• **Task item**
Exactly the lines from the one holding "4812 NW 19th St, Coconut Creek FL 33063" through the end of the material below must be printed, nothing more, and the pictures must be dropped.

======== Records provided

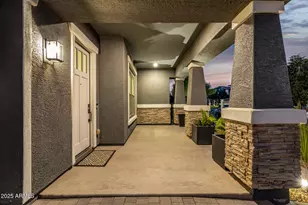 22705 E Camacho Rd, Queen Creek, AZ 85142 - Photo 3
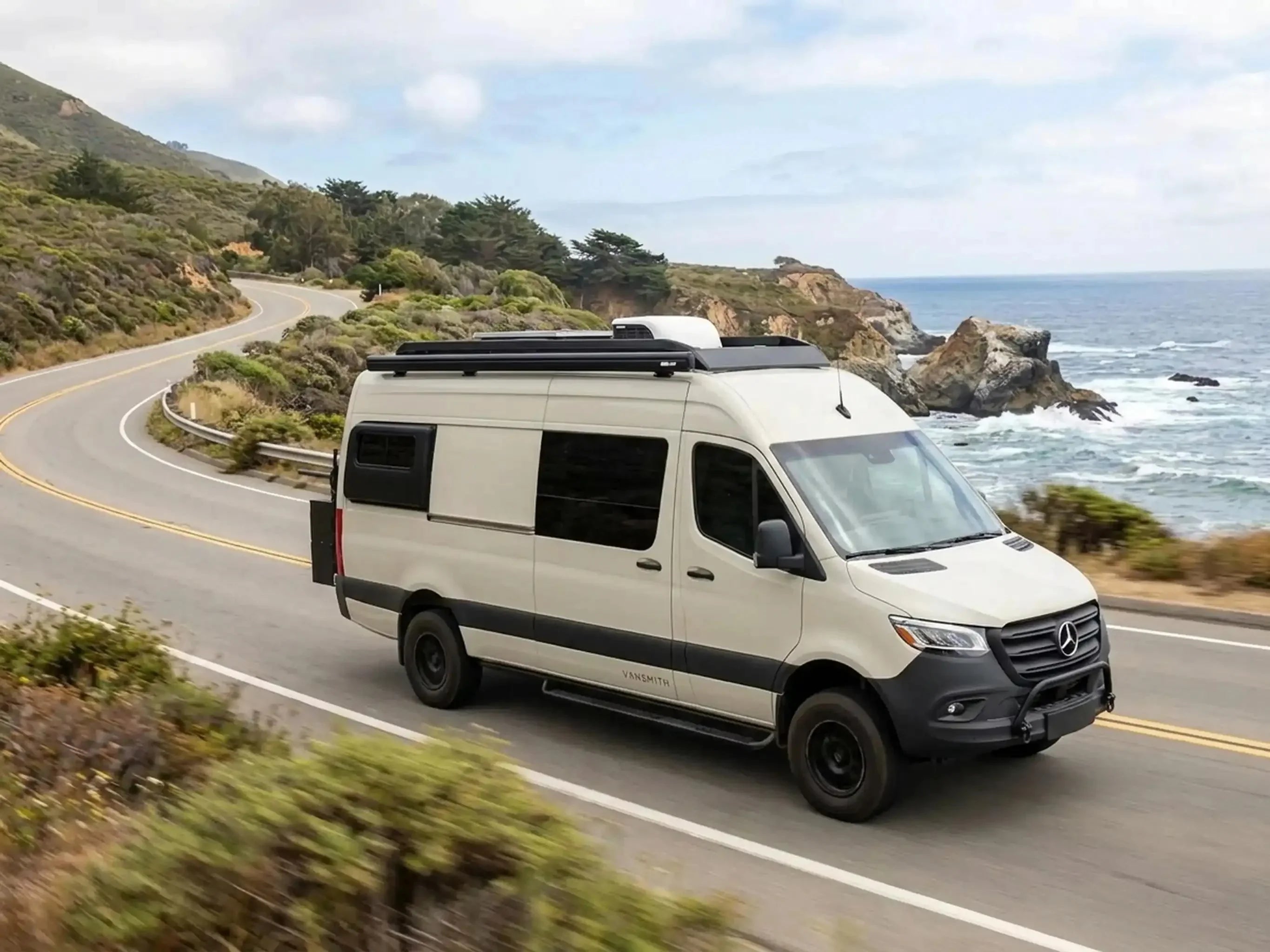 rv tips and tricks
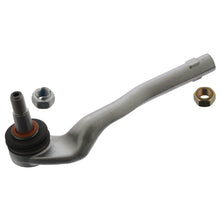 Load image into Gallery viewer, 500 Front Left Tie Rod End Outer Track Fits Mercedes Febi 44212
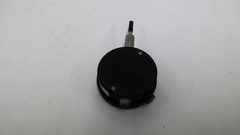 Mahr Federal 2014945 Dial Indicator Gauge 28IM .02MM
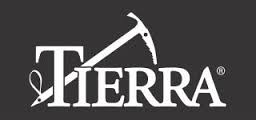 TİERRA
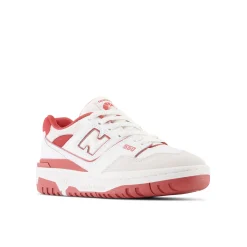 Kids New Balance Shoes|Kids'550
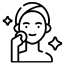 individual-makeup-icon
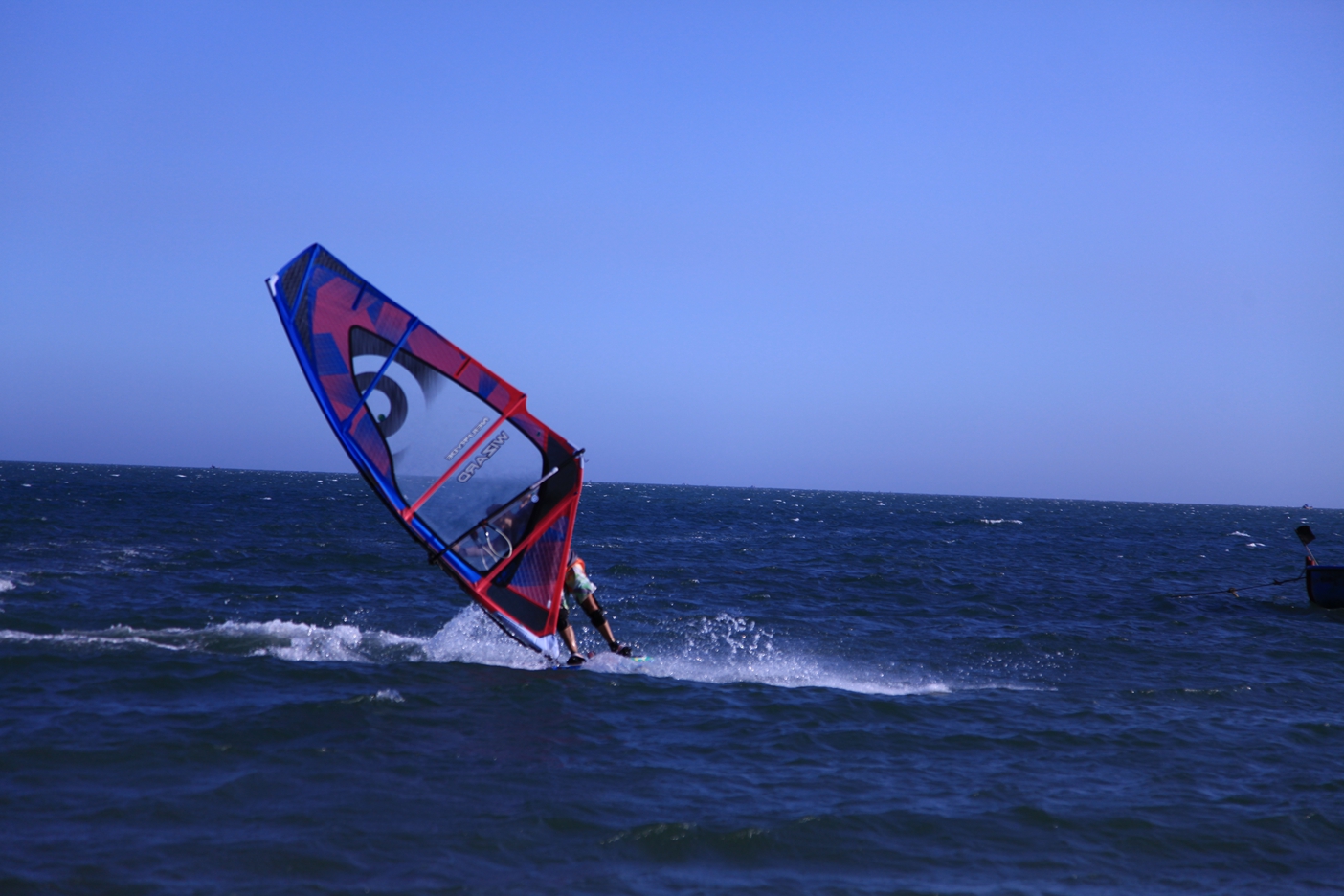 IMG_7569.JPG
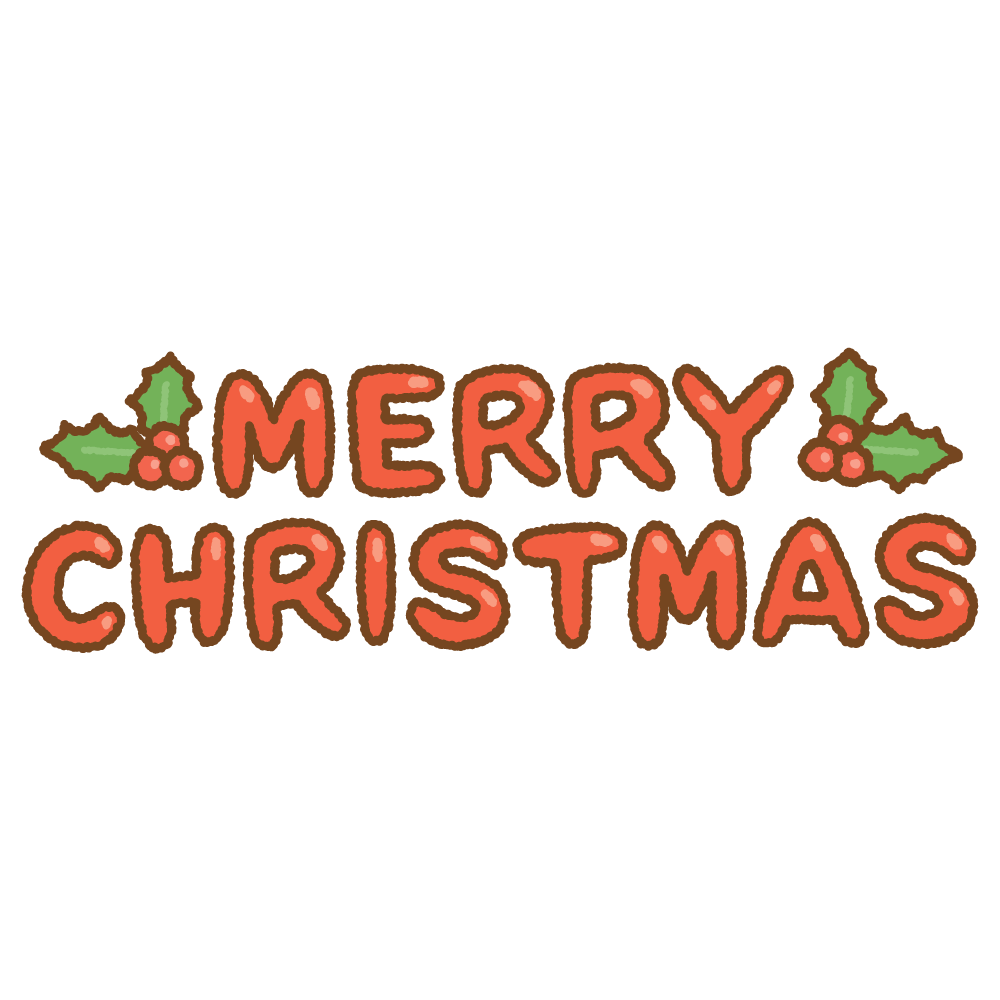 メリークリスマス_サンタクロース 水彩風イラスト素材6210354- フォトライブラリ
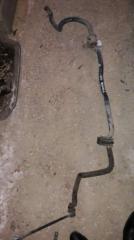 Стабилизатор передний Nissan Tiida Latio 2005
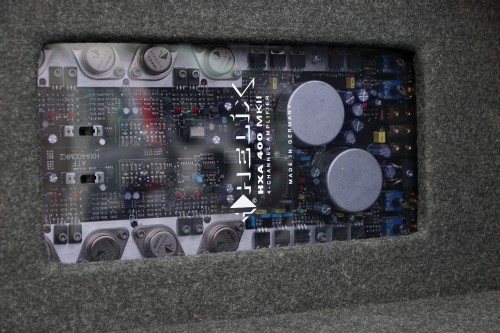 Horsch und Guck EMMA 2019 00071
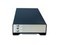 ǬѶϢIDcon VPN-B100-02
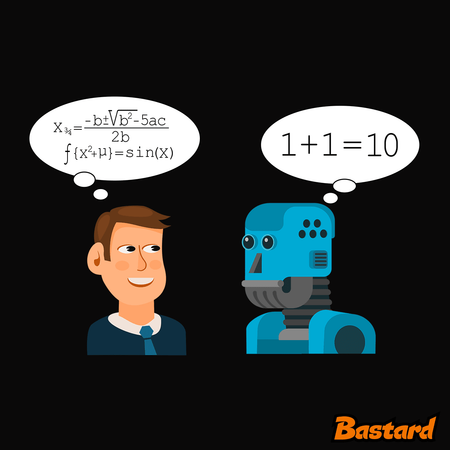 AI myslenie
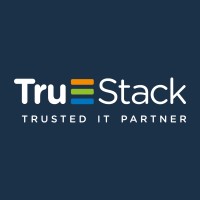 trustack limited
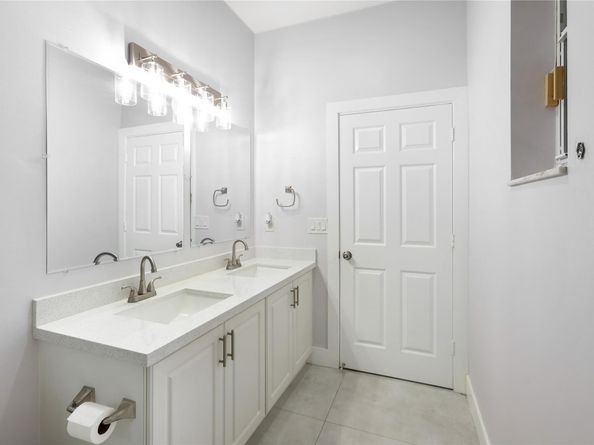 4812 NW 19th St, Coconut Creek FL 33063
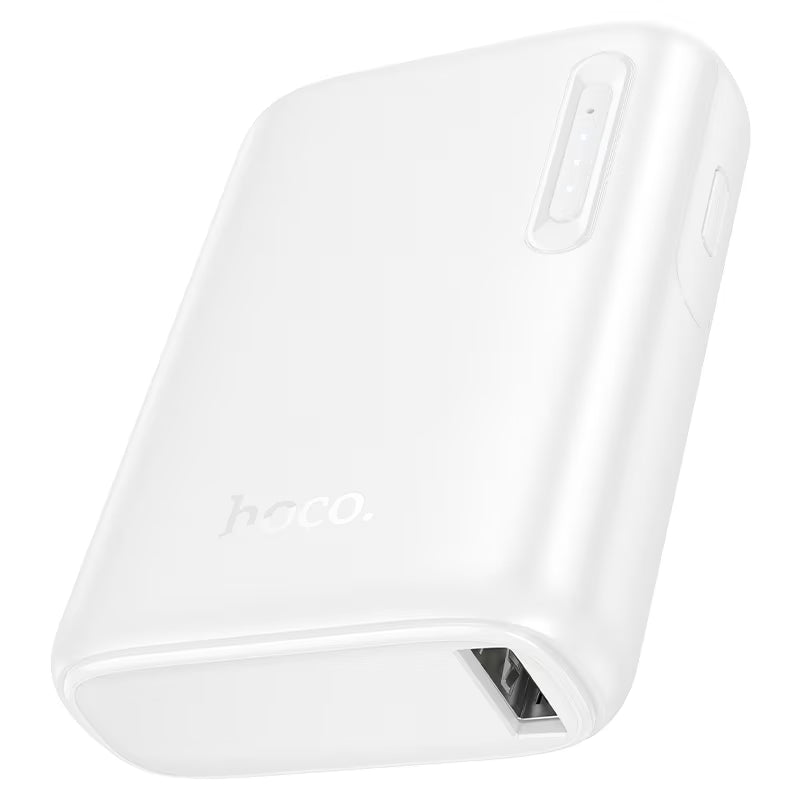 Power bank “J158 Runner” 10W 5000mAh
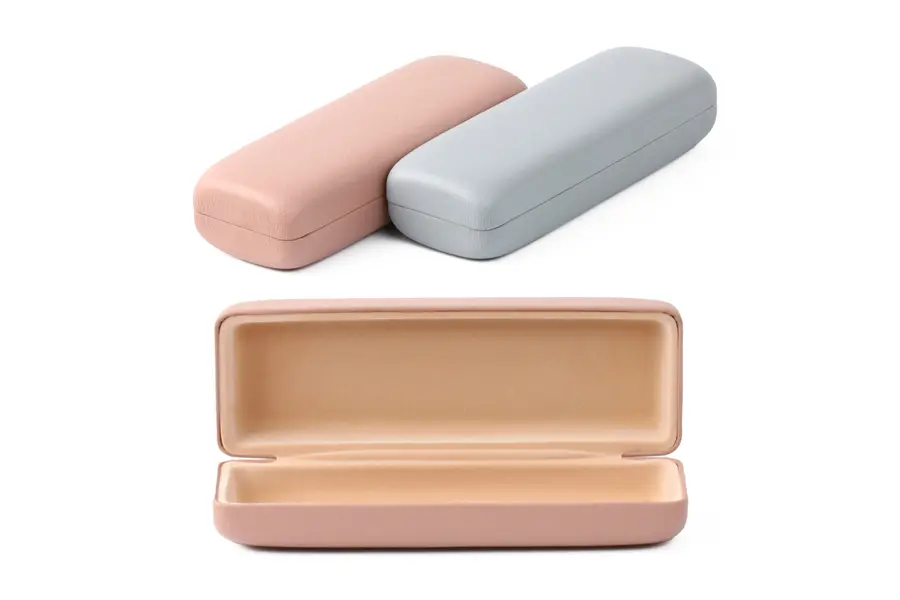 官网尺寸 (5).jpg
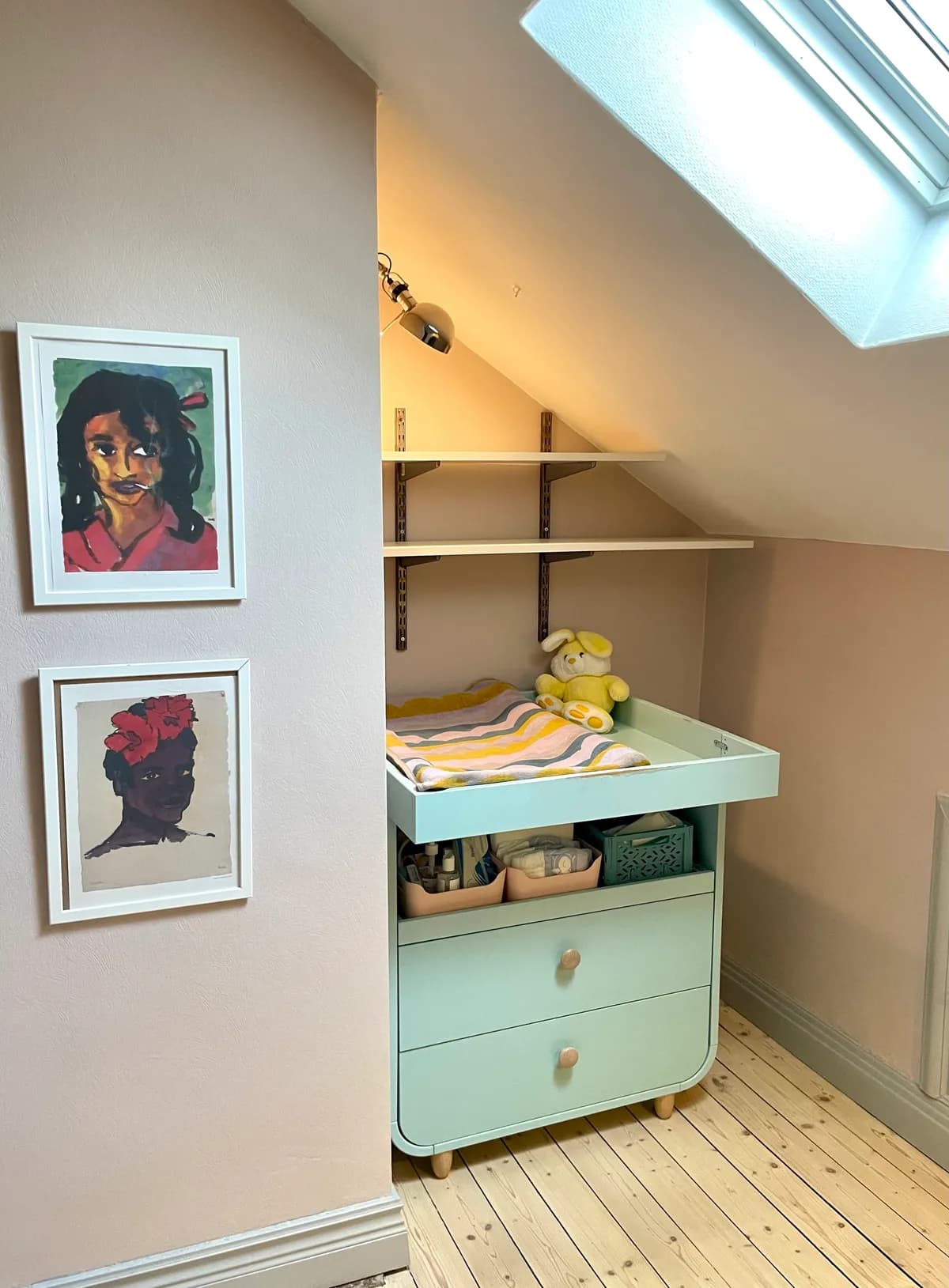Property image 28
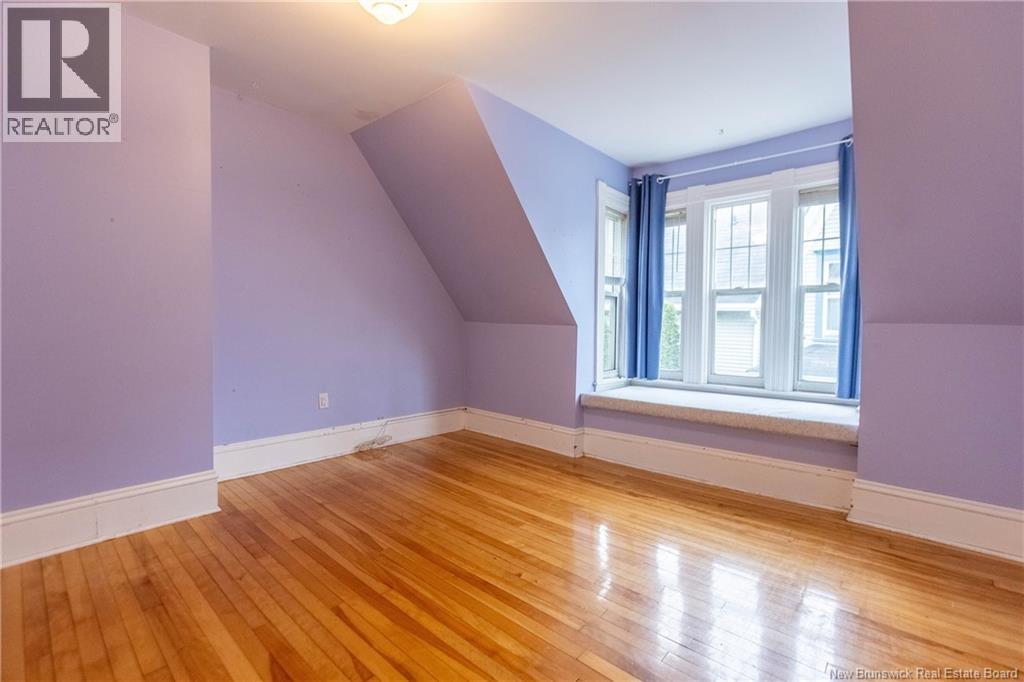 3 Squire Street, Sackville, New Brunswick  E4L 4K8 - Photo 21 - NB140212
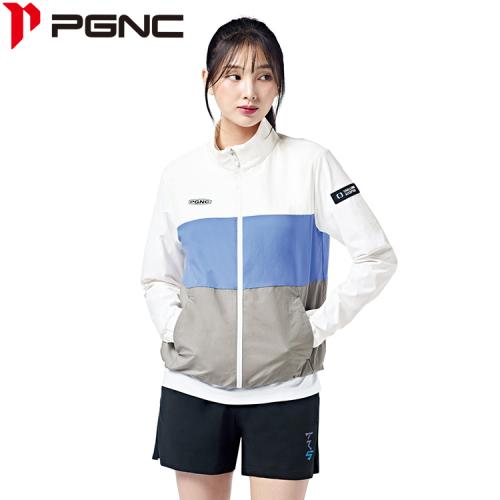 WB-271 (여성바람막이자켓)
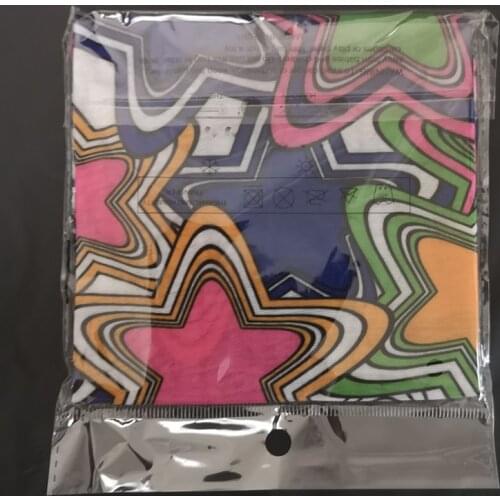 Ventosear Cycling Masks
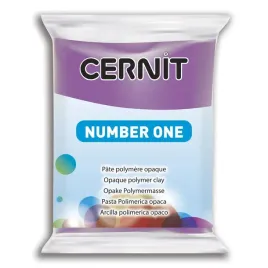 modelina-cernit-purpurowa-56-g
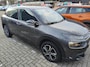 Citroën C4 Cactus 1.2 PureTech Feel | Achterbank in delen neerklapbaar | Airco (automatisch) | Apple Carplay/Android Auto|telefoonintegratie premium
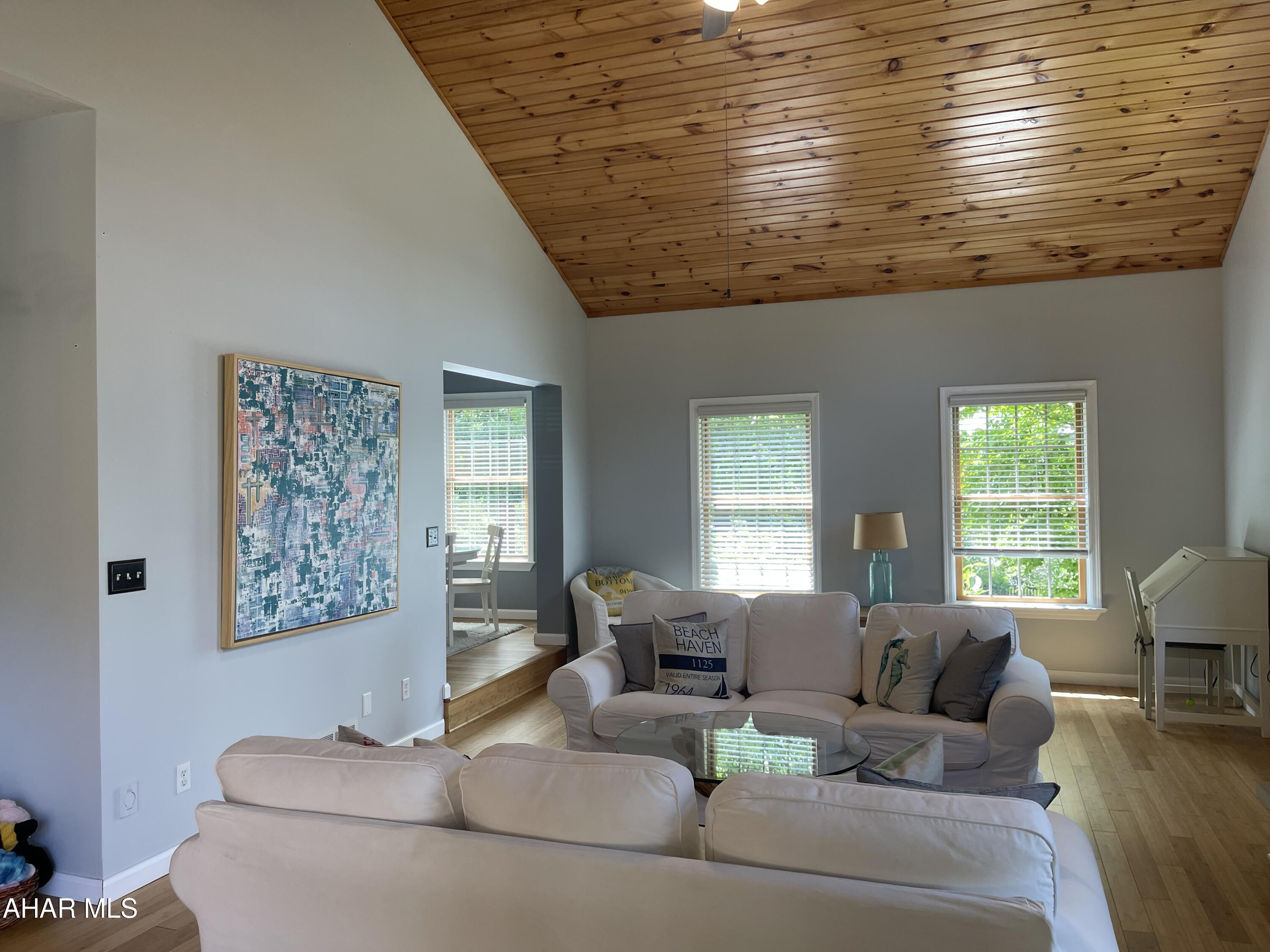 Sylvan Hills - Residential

================

• **Solution**
 4812 NW 19th St, Coconut Creek FL 33063
 Power bank “J158 Runner” 10W 5000mAh
 官网尺寸 (5).jpg
Property image 28
 3 Squire Street, Sackville, New Brunswick  E4L 4K8 - Photo 21 - NB140212
 WB-271 (여성바람막이자켓)
 Ventosear Cycling Masks
 modelina-cernit-purpurowa-56-g
 Citroën C4 Cactus 1.2 PureTech Feel | Achterbank in delen neerklapbaar | Airco (automatisch) | Apple Carplay/Android Auto|telefoonintegratie premium
 Sylvan Hills - Residential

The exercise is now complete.